** What you have to do **
Identify all lines of the data containing the string "Galaxy" and copy them.

---------- Recorded information ----------

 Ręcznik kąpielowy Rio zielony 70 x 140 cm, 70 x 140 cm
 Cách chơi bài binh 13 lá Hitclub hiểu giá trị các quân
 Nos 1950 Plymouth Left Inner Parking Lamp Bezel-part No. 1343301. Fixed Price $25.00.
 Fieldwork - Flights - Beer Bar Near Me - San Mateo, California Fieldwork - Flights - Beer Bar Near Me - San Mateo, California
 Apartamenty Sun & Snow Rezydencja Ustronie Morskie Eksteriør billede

----------
---------- Recorded information ----------

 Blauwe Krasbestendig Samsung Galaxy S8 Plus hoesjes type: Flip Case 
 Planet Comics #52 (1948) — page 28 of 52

----------
---------- Recorded information ----------

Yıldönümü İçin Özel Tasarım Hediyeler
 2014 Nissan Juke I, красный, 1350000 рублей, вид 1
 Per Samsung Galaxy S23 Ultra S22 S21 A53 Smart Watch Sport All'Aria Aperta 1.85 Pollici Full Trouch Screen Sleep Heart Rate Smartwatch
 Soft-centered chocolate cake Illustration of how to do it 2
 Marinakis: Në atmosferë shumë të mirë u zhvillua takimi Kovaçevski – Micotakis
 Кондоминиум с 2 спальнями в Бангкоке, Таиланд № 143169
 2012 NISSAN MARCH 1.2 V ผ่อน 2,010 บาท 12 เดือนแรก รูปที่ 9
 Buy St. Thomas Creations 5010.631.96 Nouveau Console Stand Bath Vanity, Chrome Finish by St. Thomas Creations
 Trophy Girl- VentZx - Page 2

----------

** Exercise response **
 Blauwe Krasbestendig Samsung Galaxy S8 Plus hoesjes type: Flip Case 
 Per Samsung Galaxy S23 Ultra S22 S21 A53 Smart Watch Sport All'Aria Aperta 1.85 Pollici Full Trouch Screen Sleep Heart Rate Smartwatch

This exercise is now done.